*What you should do:*
Please output only the lines running from the one that contains "Дверь задняя правая peugeot 308" through the last line of the data below, exactly as they stand, with no pictures.

*Dataset extract:*
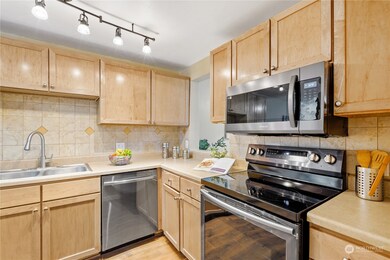 23917 12th Place S unit 2503, Des Moines, WA 98198 - photo 7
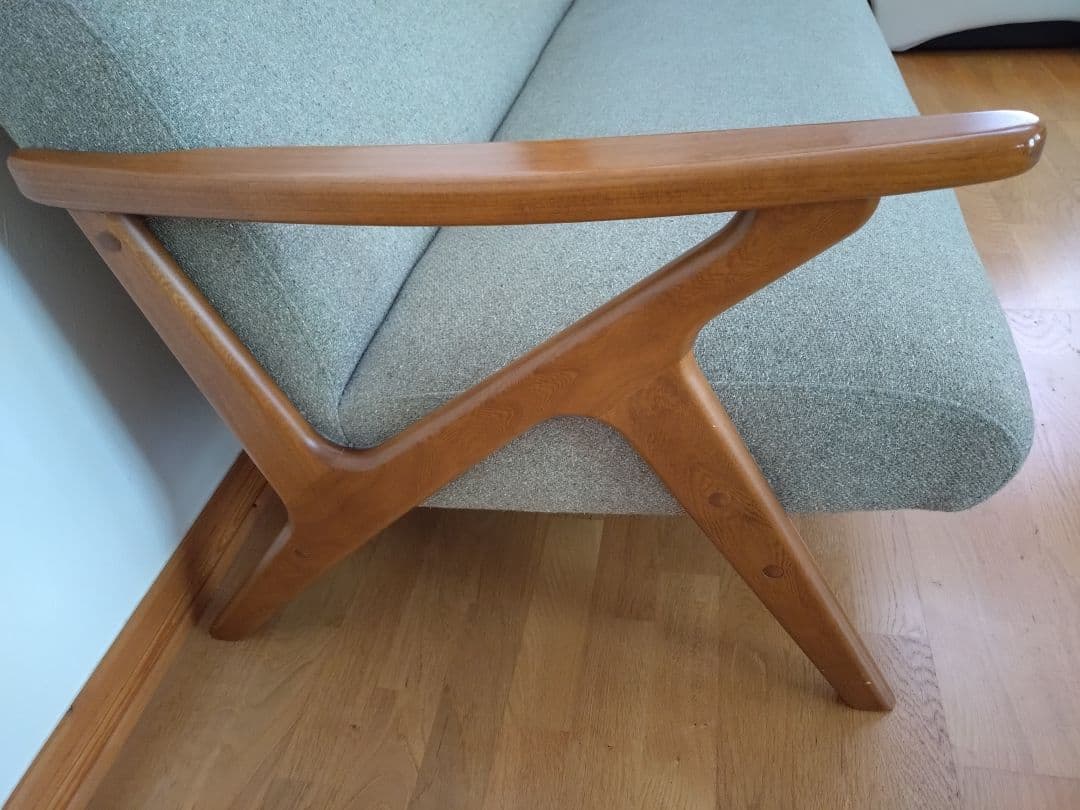 【送料込】East Wood 2.5人掛けソファ (unico)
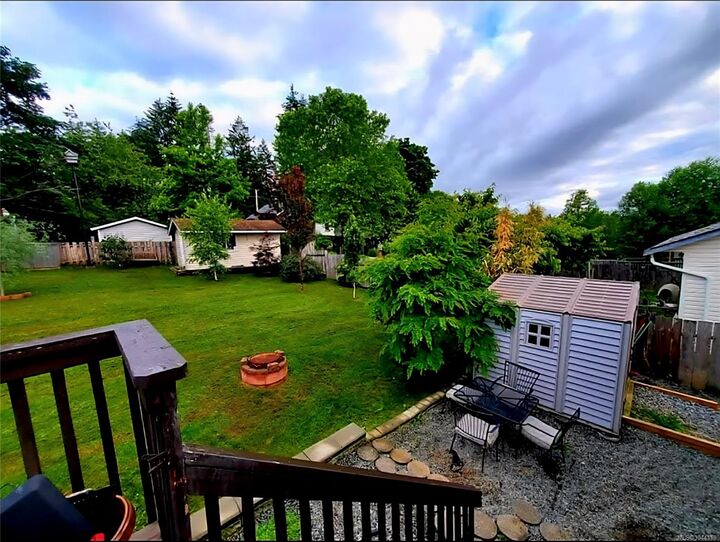 Property Photo:  849 Inez Pl  BC V9R 7A3 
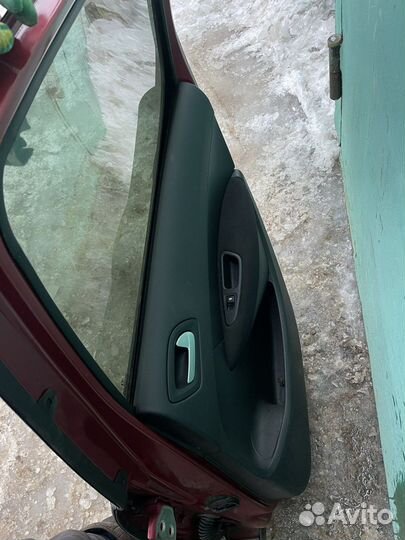 Дверь задняя правая peugeot 308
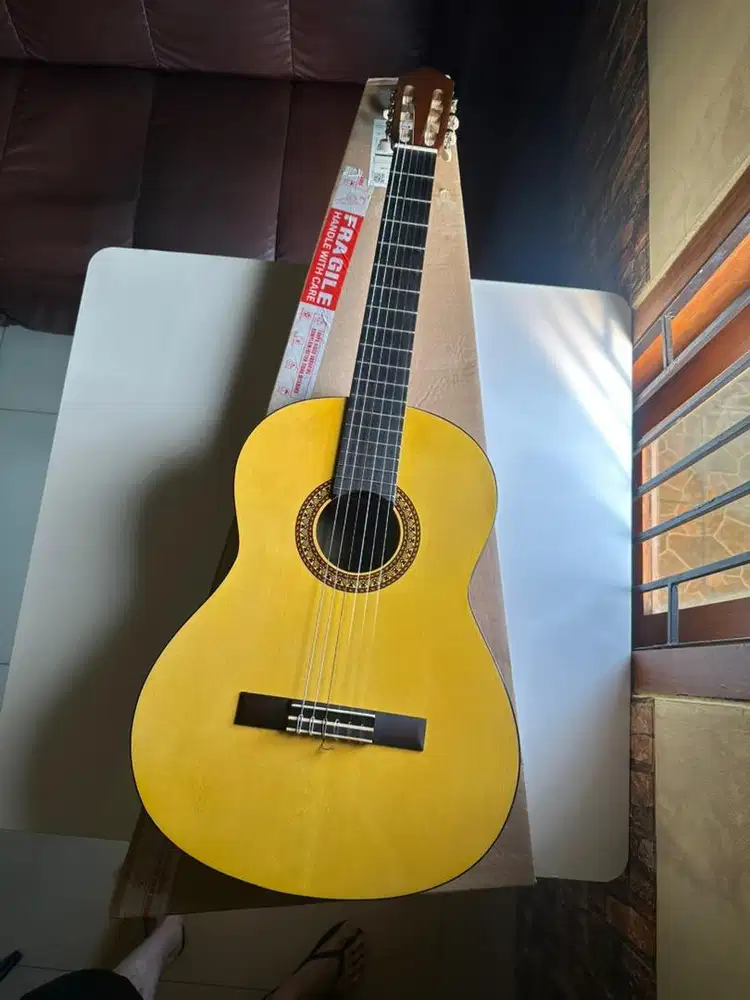 gitar klasik yamaha c315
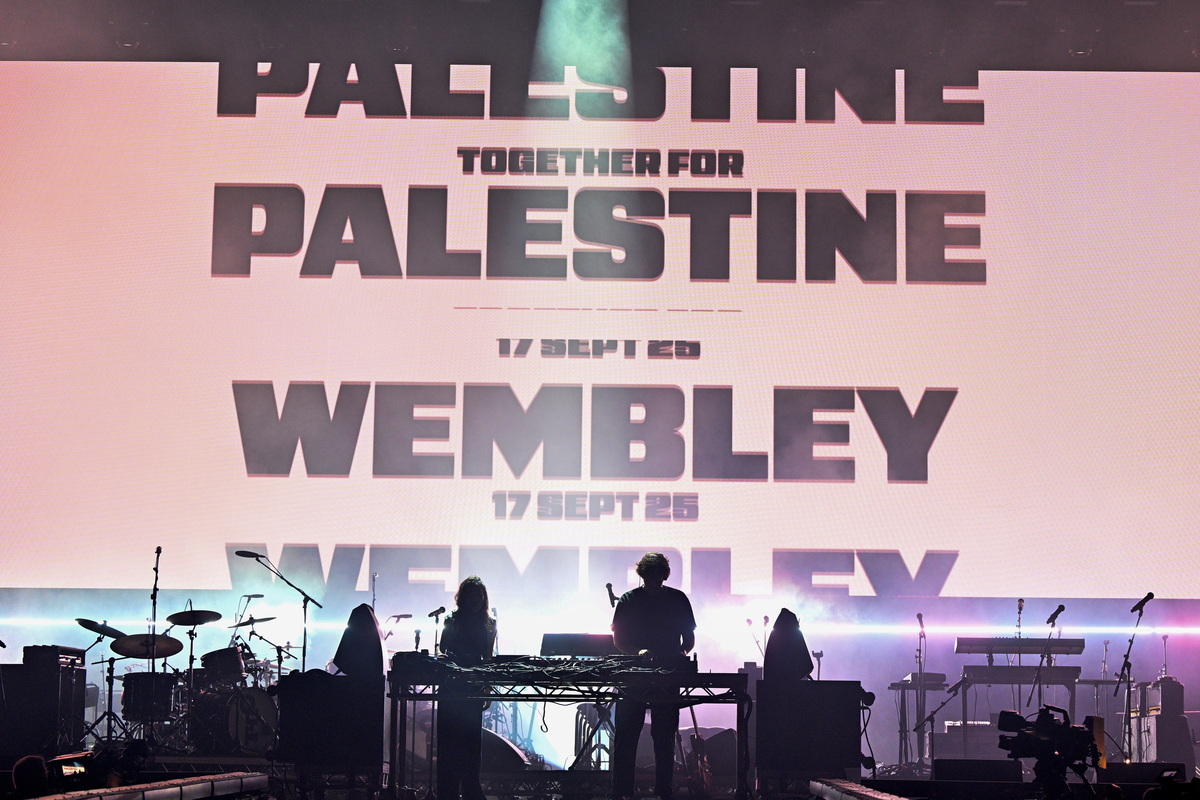 يقوم Sama 'Abdulhadi و Jamie XX بإجراء B2B على خشبة المسرح خلال حفل موسيقي في Wembley Arena في 17 سبتمبر 2025 في لندن ، إنجلترا. (تصوير سمير حسين/سلكية ل ABA)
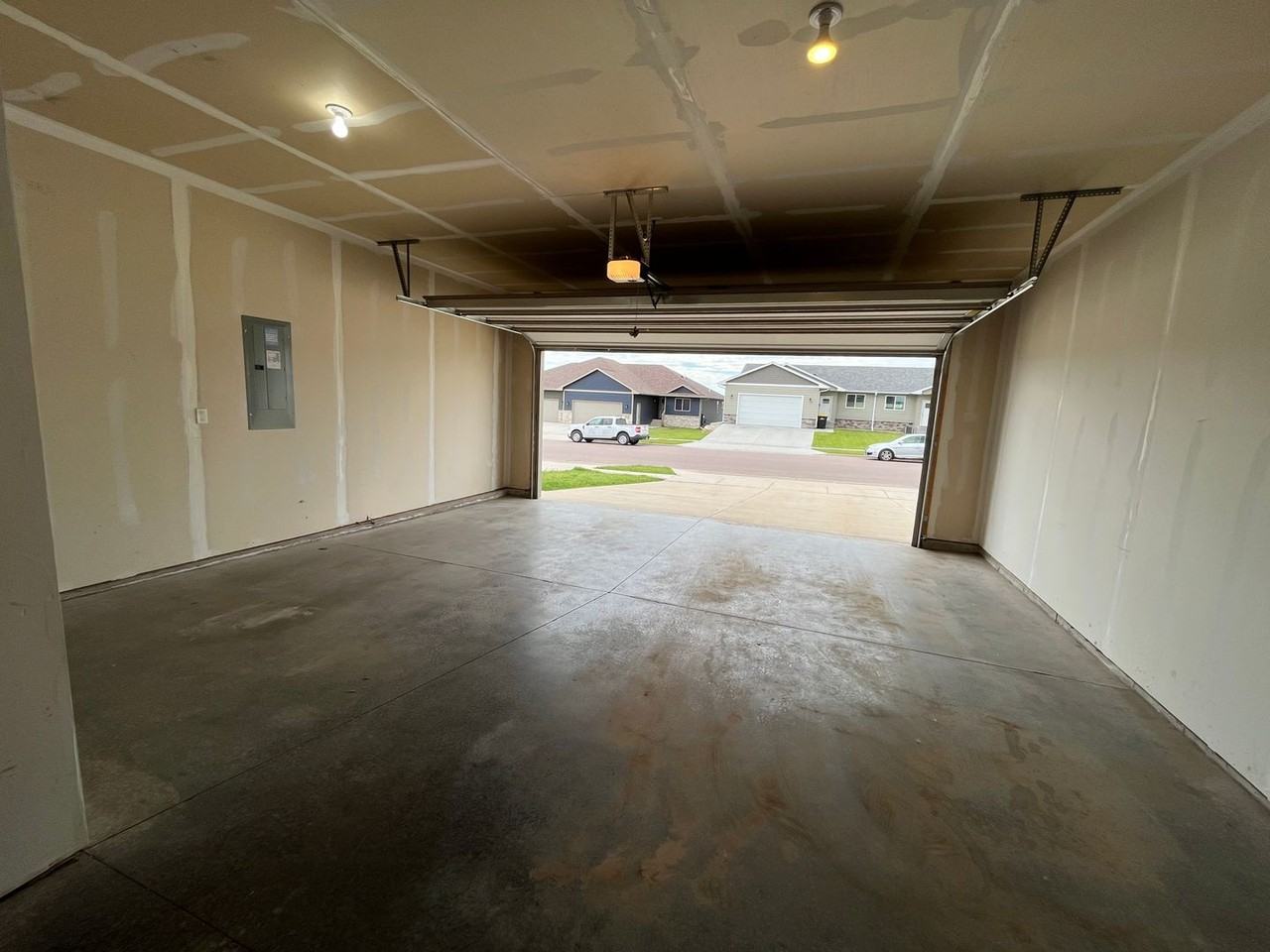 7312 E 45th St - Photo 6 of 32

*Answer to the problem:*
 Дверь задняя правая peugeot 308
 gitar klasik yamaha c315
 يقوم Sama 'Abdulhadi و Jamie XX بإجراء B2B على خشبة المسرح خلال حفل موسيقي في Wembley Arena في 17 سبتمبر 2025 في لندن ، إنجلترا. (تصوير سمير حسين/سلكية ل ABA)
 7312 E 45th St - Photo 6 of 32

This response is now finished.